Disney Face Character and Parade Performer Auditions - What To Expect
By Joanie @ Zagleft on November 12, 2013
What young girl doesn’t dream of being a princess?
As many young girls grow up watching Disney movies, the thought of being a princess can seem like an elusive dream. Not so for some. Becoming a Disney princess or parade performer is often just an audition away.
So what does it take to become a Disney princess? Faith, hope and pixie dust? Just about. Throw in a winning personality, and you’ve got a great shot.
Last month, my daughter and I traveled from our home in Houston to Austin, Texas to attend a Disney Face Character and Performer Audition. Elizabeth had never been on any kind of audition before and neither of us had any idea what to expect.
As we often do, we turned to the internet to see what information we could find to help her prepare. Interestingly enough, there wasn’t a whole lot of information to be found. Yes, there were a few YouTube videos of participants trying to explain what the process was all about and while we found that information helpful, what we really wanted to know was the important stuff…what to wear, what to expect and some first hand information about the whole audition process.
Since we went into this audition with a lot of unanswered questions and little knowledge of the process, I decided to document our experience as I’ve done in my previous Disney College Program posts. Hopefully, you’ll find this information helpful.
We noticed that the Austin auditions are usually held at the same location, Dancer’s Workshop. If your Austin audition is held at this location, there is a lovely Homewood Suites just down the street from the studio. It’s a very nice hotel with spacious rooms, complimentary evening dinner and drinks and a full breakfast in the morning.
Before your audition, have a few inexpensive head shots taken. We took several photos of our daughter outside in our backyard and had them developed at our local Kodak store. She didn’t need to turn them in, but if she made it further in the audition process, she may have needed to. It’s best to be prepared and it also makes you look like you’re a professional.
Even though we read online to wear comfortable clothes such as jeans and nice, comfortable shoes…everyone wore dance attire.
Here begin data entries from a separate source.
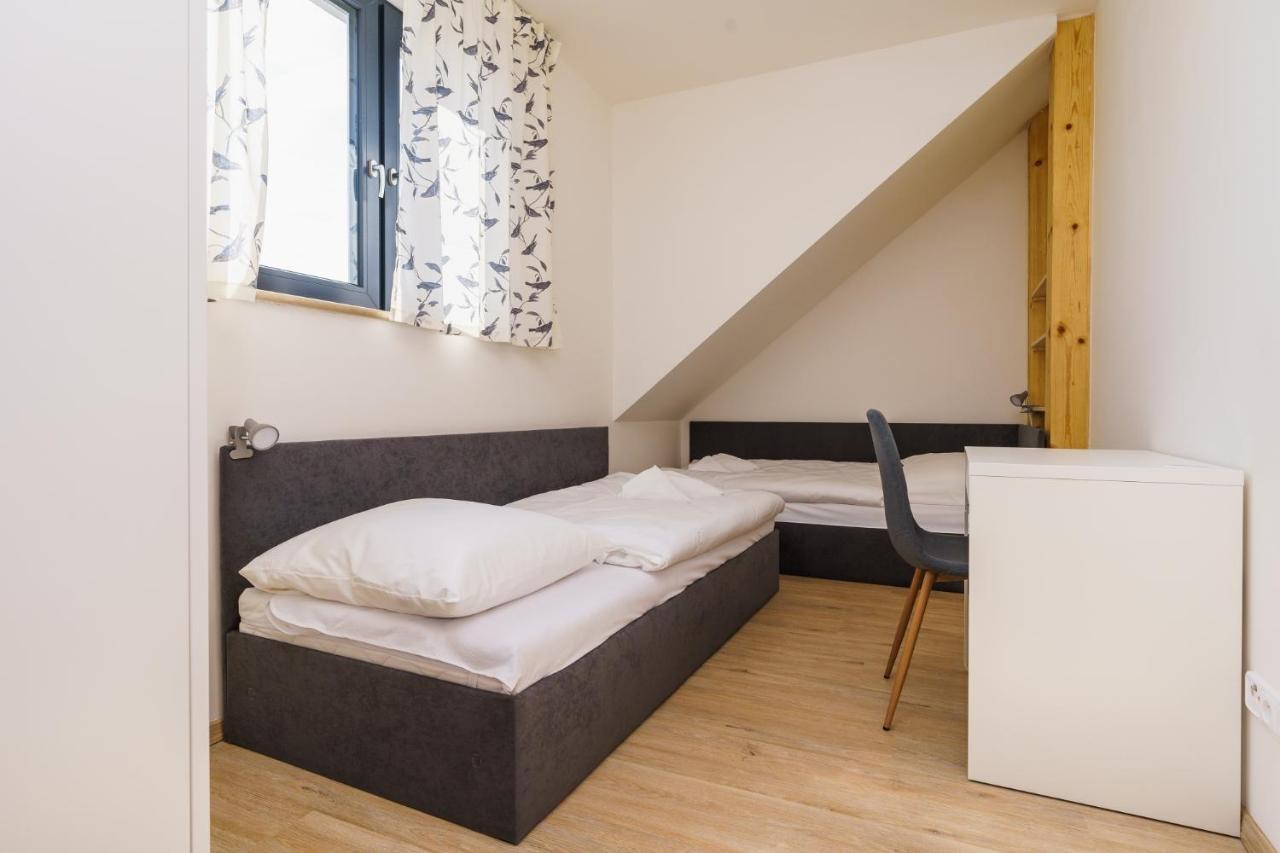 Apartment Dolce Vita Klinovec By Mountain Ways Loučná pod Klínovcem Eksteriør billede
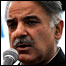 شہباز شریف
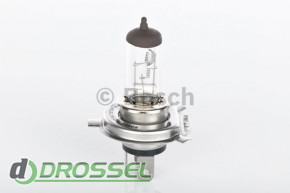 Лампа галогенная Bosch Trucklight 1987302441 24V (H4)-2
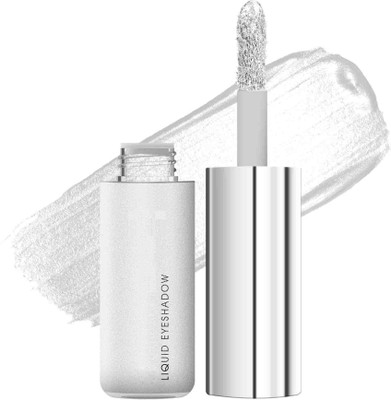 THTC Liquid shimmer Eyeshadow 01 7 ml(white)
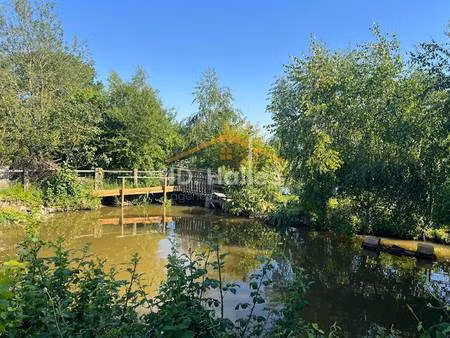 propriété de loisirs à vendre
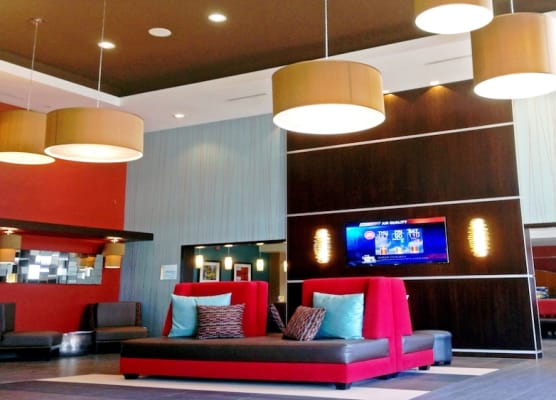 Holiday Inn Express BAKERSFIELD by IHG 1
Arrive early. Do not be late.
When my daughter arrived at the audition, she waited in line. When she got to the front, she was asked to type her name into an iPad and was asked whether she would be part of the College Program or a full-time employee. They gave her a number and wrote down her height. Then, she sat and waited.
While none of this is technically “the audition”, my thoughts are that the audition actually begins as soon as you walk in the studio. I think every participant is being assessed.
How well do you interact with others? Do you look enthusiastic, friendly and approachable? I think everyone is being observed on the side by the casting directors.
After a brief wait, kids were called into a room in groups based on the number they were given. For example, 1-50, etc. The others went into another room while the group learned a brief dance which consisted of easy marching and hand waving similar to what one would see in a Disney parade. I’m told that if you advance in the audition process, another dance will be learned and it will be a little more difficult although not hard.
My daughter said she was asked to act out several roles. They told her to pretend she was a parade character. Others have said they were asked to be a pirate. You get the idea. Be prepared to be asked to perhaps step outside your comfort zone and pretend to be someone else. Just let go and have fun.
After each group finished, they were sent back to a larger room where everyone was gathered together. The Disney Casting Director came in and thanked everyone and began to call out numbers. If you’re number wasn’t called, you didn’t make it.
This was where our journey ended. I was in a waiting room with about 50 other moms and dads. There were lots of tears, hugs goodbye and a few congratulations being said. Even though Elizabeth didn’t make it, we both agree that this audition had been a tremendous learning experience. She had lots of fun, we both met new friends and this experience intensified her desire to audition again.